Kamu görevlilerinin yargılandığı Grand İsias Otel davası 16 Temmuz’a ertelendi

Adıyaman’da 6 Şubat depremlerinde yıkılan Grand İsias Otel’e ilişkin kamu görevlilerinin yargılandığı dava, 16 Temmuz 2025’e ertelendi.

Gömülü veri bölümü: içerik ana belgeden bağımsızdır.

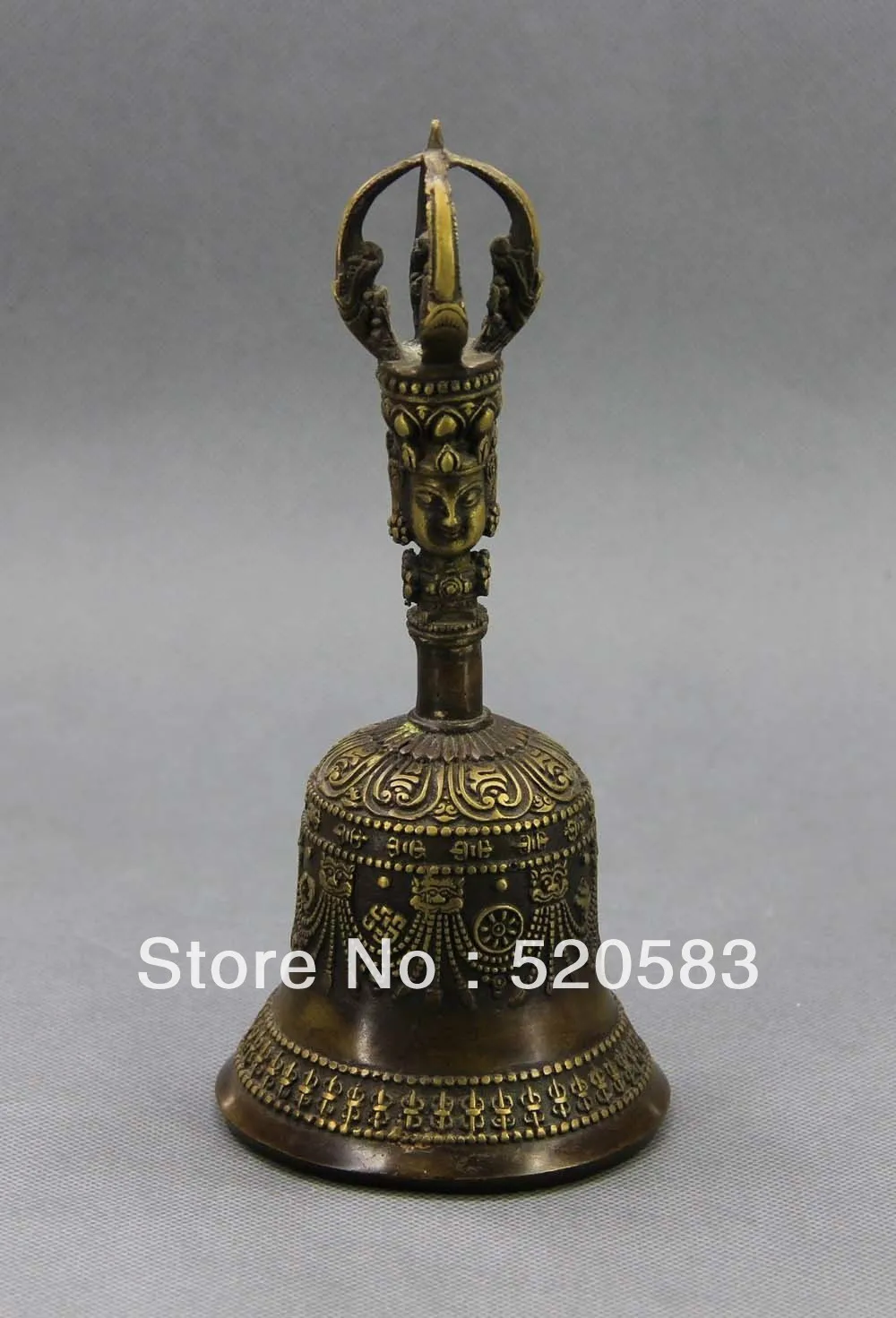 

free Old Bronze Tibetan Buddha Head Rare Bell Statue fast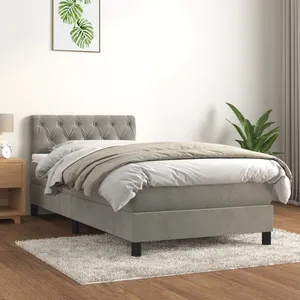 vidaXL Sommier à lattes de lit et matelas Gris clair 80x200 cm Velours pas cher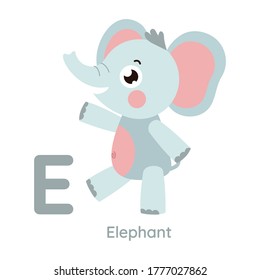 Cute animal alphabet. Letter E. Elephant illustration. Series A-Z.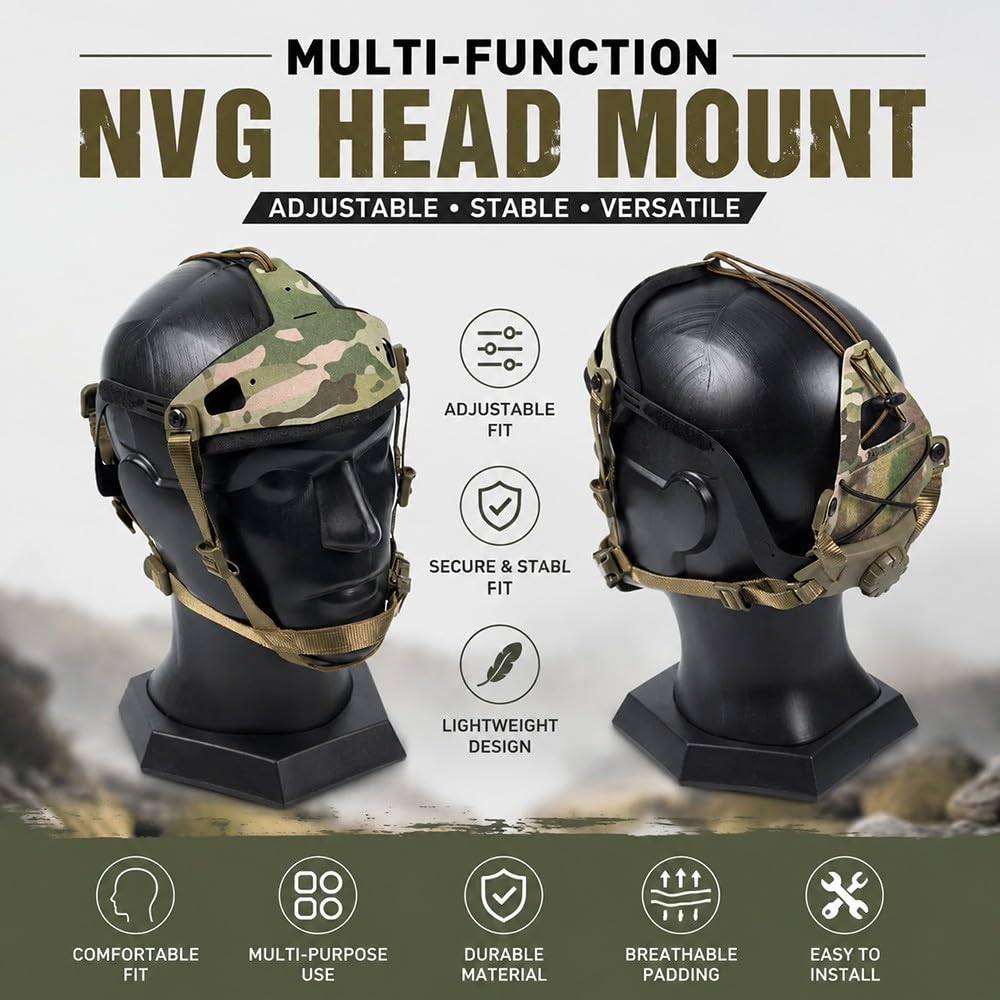 Supporto Testa NVG Multifunzionale Regolabile con Fascia Ajustabile, Supporto Leggero per Casco Fotocamera con Piattaforma Universale per Airsoft Caccia Outdoor Accessori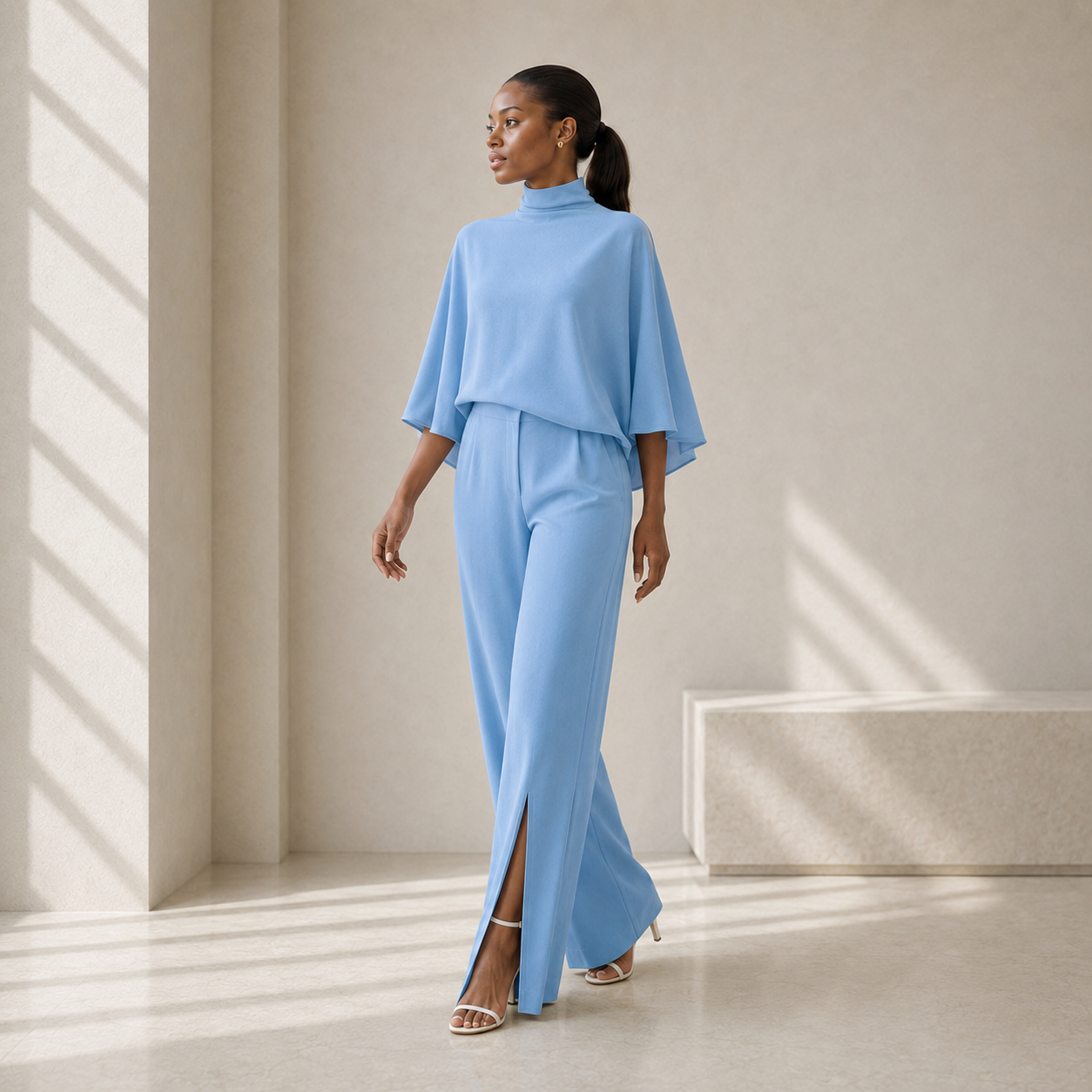 Maelle Draped Cape Trouser Set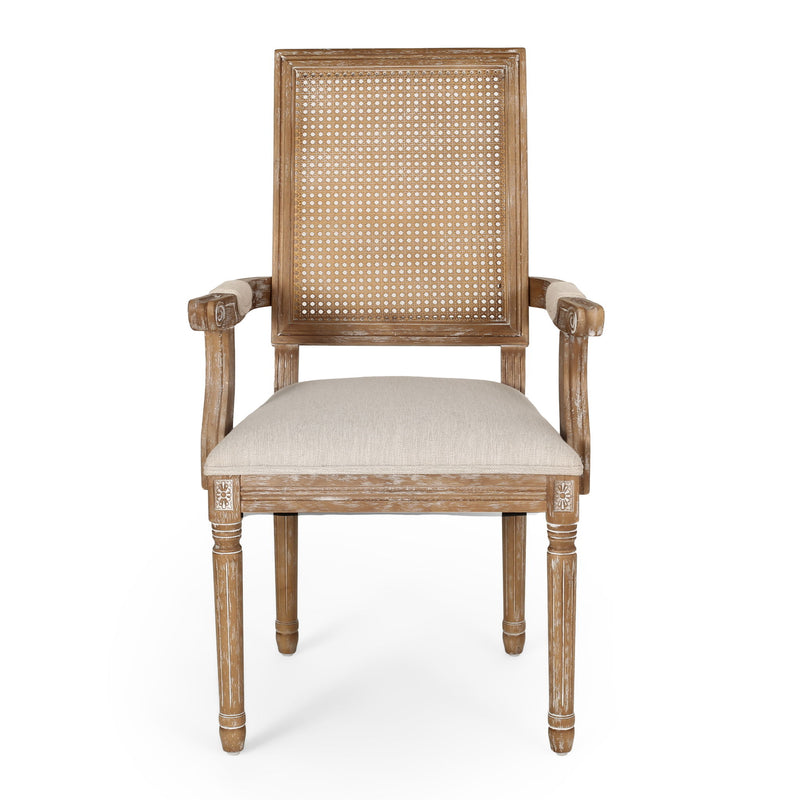 Elegant French Country Style Dining Chair With Cane Backrest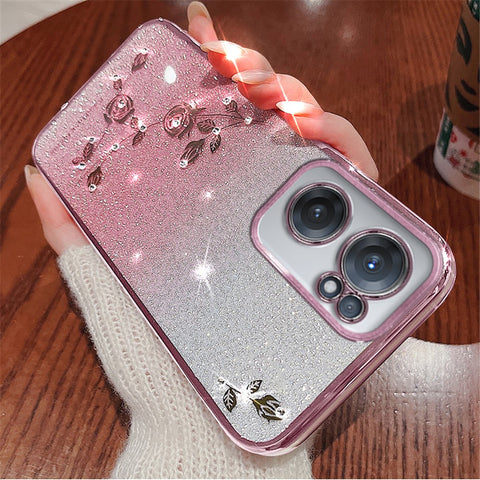 KADEM For OnePlus Nord CE 2 5G Case Rhinestone TPU Cellphone Gradient Cover with Strap
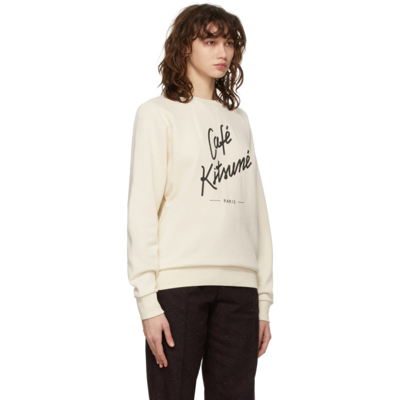 Shop Maison Kitsuné Off-white Logo Sweatshirt In Lt Latte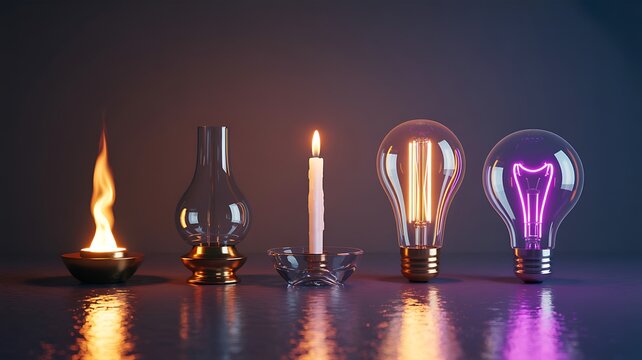 Progression of light sources showcasing from oil lamp candle to incandescent and led bulb representing technological advancement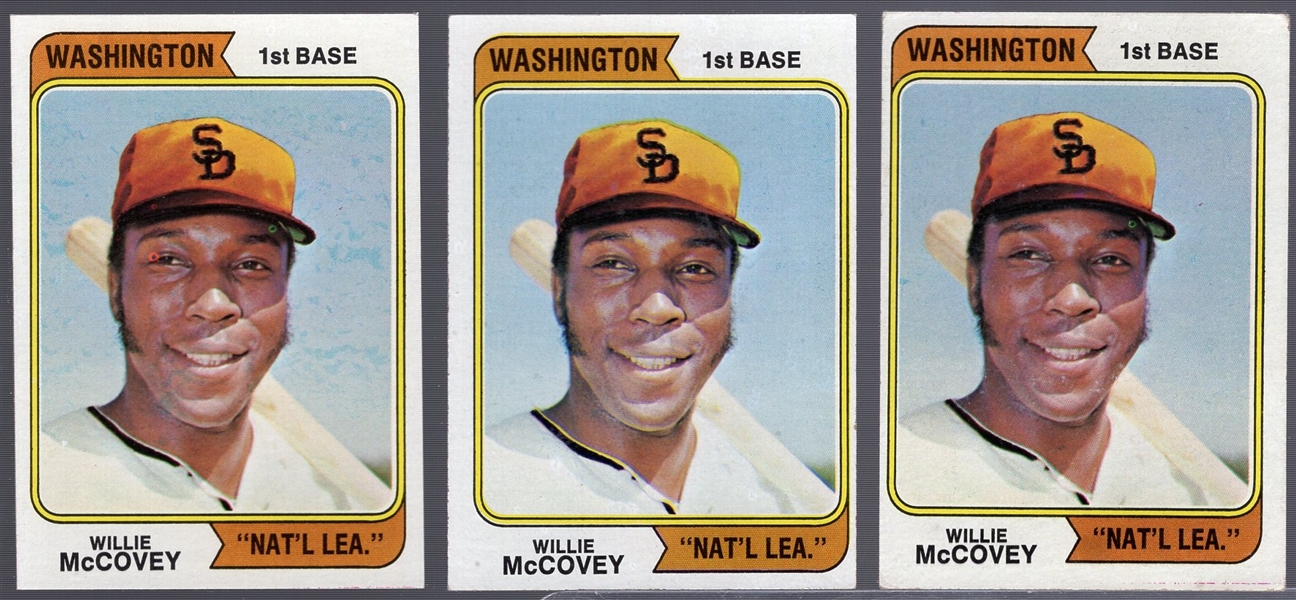 1974 Topps Bb- #250 Willie McCovey (Wash NL)- 3 Cards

Mahkeme, sanıkların tutuklama taleplerini reddederek adli kontrol şartlarının devamına karar verdi.

İsias Otel davası

Adıyaman’da 6 Şubat depremlerinde KKTC’li sporcular ve tur rehberlerinin de aralarında olduğu 72 kişinin hayatını kaybettiği Grand İsias Otel’in yıkılmasında sorumluluğu bulunan kamu görevlileri hâkim karşına çıktı. Dava, 16 Temmuz 2025’e ertelendi. Mahkeme, sanıkların tutuklama taleplerini reddederek adli kontrol şartlarının devamına karar verdi.

Dava, Kuzey Kıbrıs Türk Cumhuriyeti’nden (KKTC) gelen ve depremin simgesi haline gelen “Şampiyon Meleklerin” ailelerinin katılımıyla açıldı. Adliye önünde bir araya gelen aileler, “ortak davamız” diyerek adalet arayışında kararlı olduklarını söyledi.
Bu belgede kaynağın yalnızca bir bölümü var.